Status
Current state: Adopted (3.1.0)
Discussion thread: here
JIRA:
Please keep the discussion on the mailing list rather than commenting on the wiki (wiki discussions get unwieldy fast).
Motivation
Currently only some exceptions that occur during processing are wrapped as a StreamsException before being handed up to the uncaught exception handler. Unfortunately we don't make any guarantees about which exceptions will or will not be wrapped as a StreamException, which complicates the logic required by a user's custom exception handler and makes it difficult to enforce any kind of compatibility. I have also found the meaning of "StreamsException" to be rather ambiguous – is it just a basic exception type of Kafka Streams, or does it mean the exception came from Kafka Streams vs user code, or does it indicate unrecoverable error? This has been a repeated point of confusion across both users and devs, making it unclear how/when to wrap exceptions for devs, and when to unwrap/how to handle exceptions by users.
It would be cleaner to ensure that all exceptions thrown to the user/handler are wrapped (exactly once) as a StreamsException, and standardize on its definition/use.
Further, many exceptions can be traced back to a particular task that's experiencing an error specific to that part of the topology, or that partition, etc. It can be helpful to have that information when determining how to handle the exception, as well as for debugging purposes. We propose to add a TaskId field to the StreamsException class to help users identify the source of an exception.
Public Interfaces
This KIP will add a new API to the StreamsException class, to expose the TaskId:
class StreamsException { // New constructors public StreamsException(final String message, final TaskId taskId); public StreamsException(final Throwable throwable, final TaskId taskId); public StreamsException(final String message, final Throwable throwable, final TaskId taskId); /** * @return the {@link TaskId} that this exception originated from, or {@link Optional#empty()} if the exception * cannot be traced back to a particular task. Note that the {@code TaskId} being empty does not * guarantee that the exception wasn't directly related to a specific task. */ public Optional<TaskId> taskId() { return taskId; } }
Proposed Changes
This KIP proposes to
- Guarantee that every exception that is thrown up to the uncaught exception handler, whether that be the new StreamsUncaughtExceptionHandler or the old generic UncaughtExceptionHandler, is wrapped as a StreamsException.
- Standardize definition of StreamsException: a top-level exception that indicates an occur has occurred during Streams internal processing, and wraps that error alongside any available info/context. Note that this does not mean the error came from Streams itself.

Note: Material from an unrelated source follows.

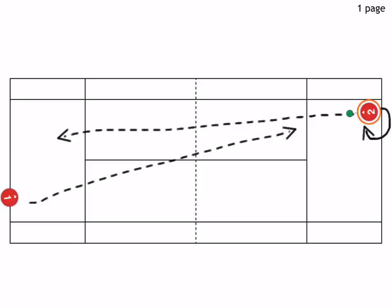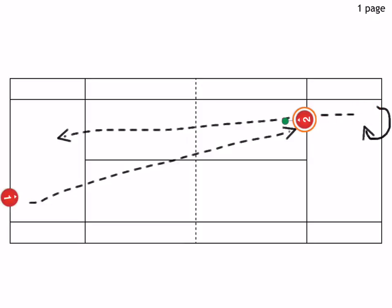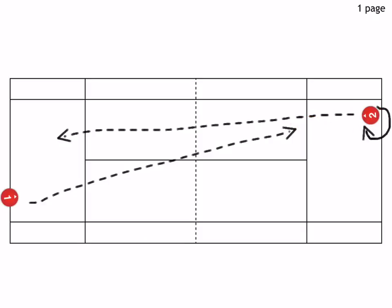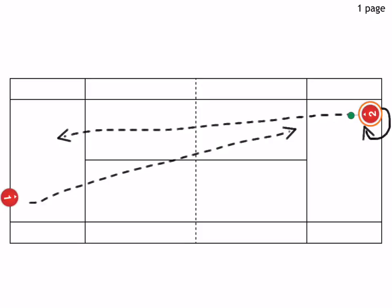Another variation would be for the returner to start within the baseline - so not behind the baseline but in front of it. That's another great drill to practice the return of serve.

- Add a new TaskId field to the StreamsException class, with a getter API to expose it and corresponding constructors. This field will be set for any exception that originates from, or is tied to, a specific task. For example:
- Task timeout (ie exceeds the configured task.timeout.ms value
- User processing error or other exception thrown from Task#process
- Exceptions arising from task management, such as suspending/closing/flushing/etc
Note: some exceptions that can theoretically be traced back to a particular task are going to be out of scope for this KIP. For example, some Consumer/Producer exceptions may refer to a topic that corresponds to a specific task. Tackling all possible task-specific exceptions may be considered for followup work, but will not be included in this KIP.
Compatibility, Deprecation, and Migration Plan
Theoretically, a user could have some logic in their exception handlers that check the specific type of the throwable, and act upon it accordingly – for example, if it's a TimeoutException, then they opt to replace the thread. After this KIP, all exceptions will be of the type StreamsException, and this logic would break. However, since we currently make no guarantee that a TimeoutException (or any exception for that matter) will or will not be wrapped as a StreamsException, a user would in fact already need to consider this and check the throwable to determine if it needs to be unwrapped first. This case is actually what this KIP is trying to improve, by giving users a guarantee that they will always be receiving an exception of type StreamsException, and will need to check it for a cause before determining how to react.
Rejected Alternatives
None